Half the world celebrates the coming of Christ in the first week of January, what many of us know as Epiphany–the revelation of the Messiah to the Gentiles.
Our Christmas letter isn’t late. Really.
Half the world celebrates the coming of Christ in the first week of January, what many of us know as Epiphany–the revelation of the Messiah to the Gentiles. Travelers from the East came to worship the Christ Child and brought gifts. Orthodox Christians of all kinds exchange gifts at Epiphany.
Our family long has had a kind of tradition of honoring January 5 or 6 as “old Christmas.”
One year, we even got the entire family to agree to celebrate each one of the 12 days of Christmas. It was great!
From December 25 to Epiphany, the kids opened one present each day–their choice. The whole day was to admire, play with, and give thanks for one single present. Some of the presents were small, and some were . . . . well . . . smaller.
We avoided the “great rip and tear” (and rip-offs and tears) of all too many Christmas mornings. Christmas dinner preparation took pride of place December 25. The tree looked great and we got to admire beautiful packages after dinner.
Each of the twelve days, our family lighted the candles, plugged in and admired the tree, sat down with a cup of tea and some cookies, sang a carol, shook and fondled the remaining packages, and made our choice of the day.
Calmly. Gratefully. Quietly.
After New Year’s came the easy-to-recognize practical presents–notebooks, pens, underwear, socks. We parents saved back one special gift each for a strong finish on Day 12–the day of revelation.
The Twelve Days of Christmas never were celebrated in quite the same way in our house again, of course. It was one of those noble experiments that few families with children could repeat. And as the kids got older, fewer presents waited beneath the tree.
Our teens lost the humor of waiting with anticipation to unwrap a beautifully and individually boxed . . . . . . . single sock, or . . . . . . a well-matched pair of Ticonderoga #2 pencils.
Christmases come and go. Each has its own texture and rhythm. A different family seems to gather. Oh, the people are mostly the same. But we grow, or move far away, or die, or marry, or bring grandchildren.
Yet all those unique Christmases past seem to drift away into the swirling snows of memory and desire. What DID I get for Christmas the year I was 13? What did I wrap for my dad?
The still center of Christmas–the Christ child and the revelation–remains eternally the same. Neither the fevers of mall shopping, nor frustrations of failed recipes, nor fears of family infighting–whatever disturbs the stillness of awaiting revelation–none of that can tarnish the brightness of the guiding star.

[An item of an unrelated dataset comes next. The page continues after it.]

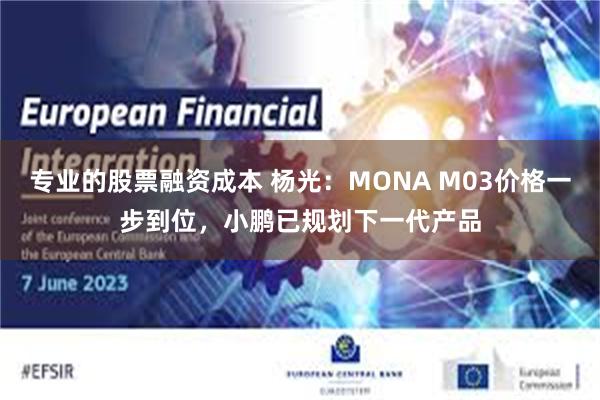 专业的股票融资成本 杨光：MONA M03价格一步到位，小鹏已规划下一代产品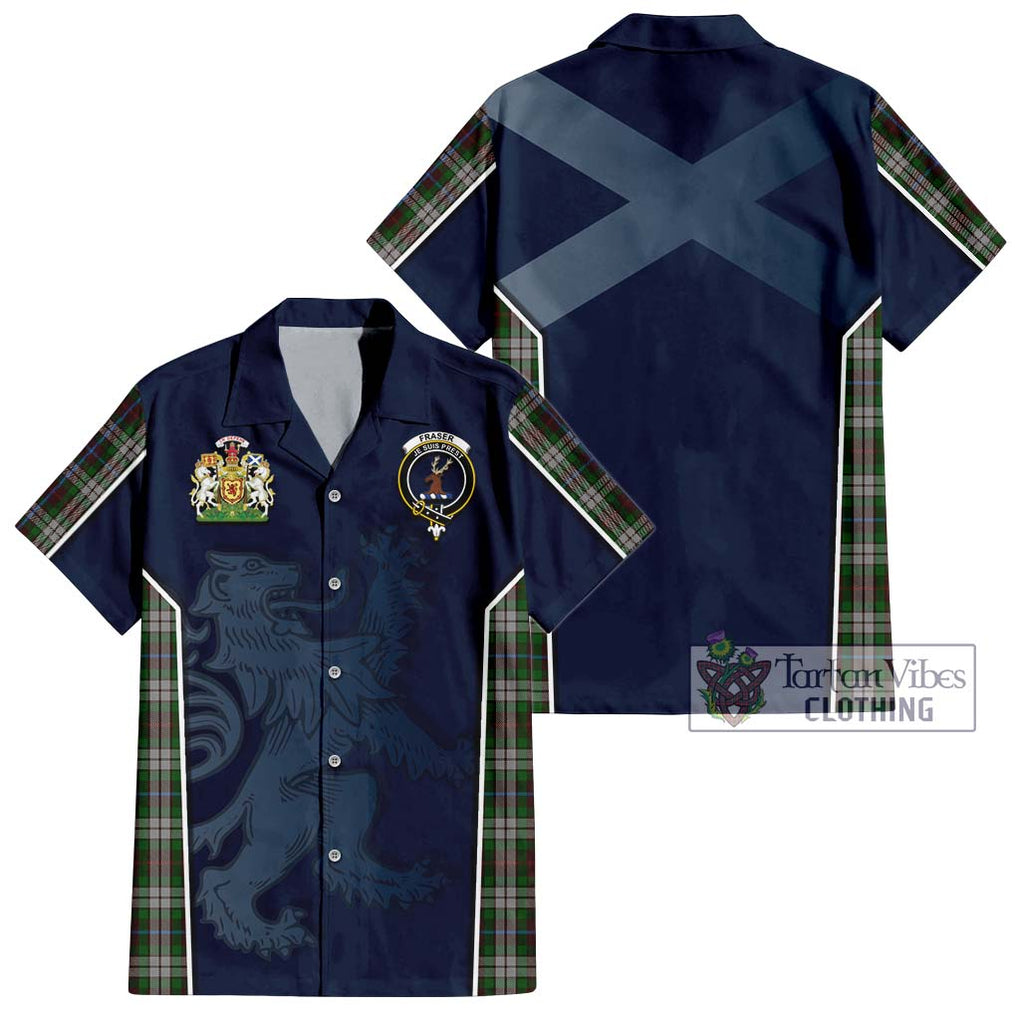 Fraser Hunting Dress Tartan Short Sleeve Button Shirt with Family Crest and Lion Rampant Vibes Sport Style Kid - Tartan Vibes Clothing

Set your sights on that–the star. Follow it to Bethlehem’s manger. Worship and surrender to God your gifts and talents. And then . . . . and then . . . experience the epiphanic embrace of the revelation that is Christmas.
It’s not too late. And it doesn’t need to happen on one special day, or even in one special week or month or year. Each day is an unwrapping of a precious gift of life if we can choose it.
May you experience the birth of Christ and Epiphany,
whenever you choose to seek the star!
Liz and Doug in Łódź, PL
Doug and Elizabeth Searles serve with the Evangelical Reformed Church in Poland. They serve as mission workers for church growth and outreach.